Making a big Excel file without running out of memory

2,196 views
Skip to first unread message

Ram Rachum

unread,
May 15, 2011, 6:41:10 PM5/15/11
to python...@googlegroups.com
Hello folks,

I work on a Django website, and I wrote code that uses `xlwt` to produce a big Excel file, with about 10,000 rows and 15 columns. The `.xls` file weights about 1.5 megabytes. I actually don't know if this is considered a big file or not; 1.5 megabytes sounds pretty small, but generating this report seems to have crashed our (decent) web server several times. When we make smaller excel files, like 1,000 rows, the server doesn't crash, but 10,000 rows make Apache crash and stop responding to visitors.
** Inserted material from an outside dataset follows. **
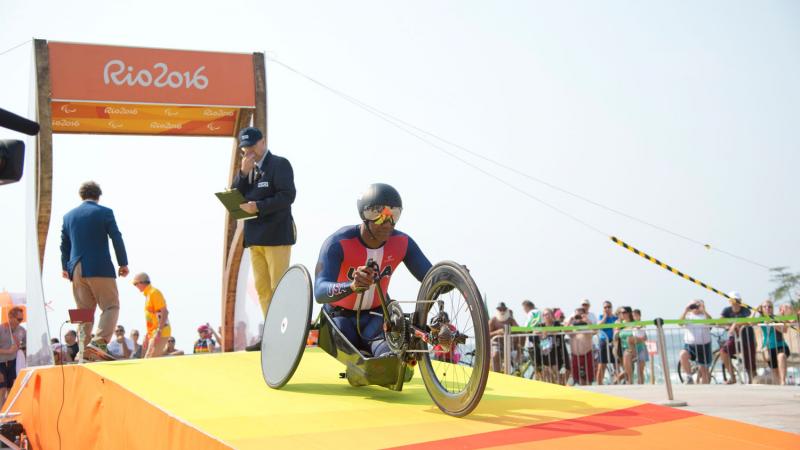 Man in handcycle begins his time trial race at the Rio 2016 Paralympics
I'm guessing that the server just runs out of memory. We keep the entire `.xls` file as a string and then send it to the browser. Perhaps this is causing the problem? But on the other hand the `.xls` is only 1.5 MB, so perhaps the memory waste goes on `xlws` data structures?
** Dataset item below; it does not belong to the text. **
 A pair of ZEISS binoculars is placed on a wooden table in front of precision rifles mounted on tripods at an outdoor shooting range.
Does anyone have any clue what to do in order to generate big excel files without crashing our server?


Thanks,
Ram.
Message has been deleted
Message has been deleted

derek

unread,
May 16, 2011, 2:37:04 AM5/16/11
to python-excel
Just a heads-up Ram. John, who answers most of the questions on this
list, will not be impressed with vague statements like "seems to have
crashed" and "'I'm guessing that...".

When reporting a problem, you need to be as specific as possible about
elements such as:
* the specs for your machine, including versions of software in use
* error traces/logs that are created
* the script that is causing the problem (full details, if possible,
otherwise a minimal test script that can reproduce this problem)
* whether or not you can reproduce the crash outside of the Django
environment.

I also say this because I have managed to produce large Excel reports
under Django without the problems you have encountered.

Derek

Chris Withers

unread,
May 16, 2011, 2:51:23 AM5/16/11
to python...@googlegroups.com, Ram Rachum
On 15/05/2011 23:41, Ram Rachum wrote:
> I work on a Django website, and I wrote code that uses `xlwt` to produce
> a big Excel file, with about 10,000 rows and 15 columns. The `.xls` file
> weights about 1.5 megabytes.

That's not a big workbook ;-)

> a big file or not; 1.5 megabytes sounds pretty small, but generating
> this report seems to have crashed our (decent) web server several times.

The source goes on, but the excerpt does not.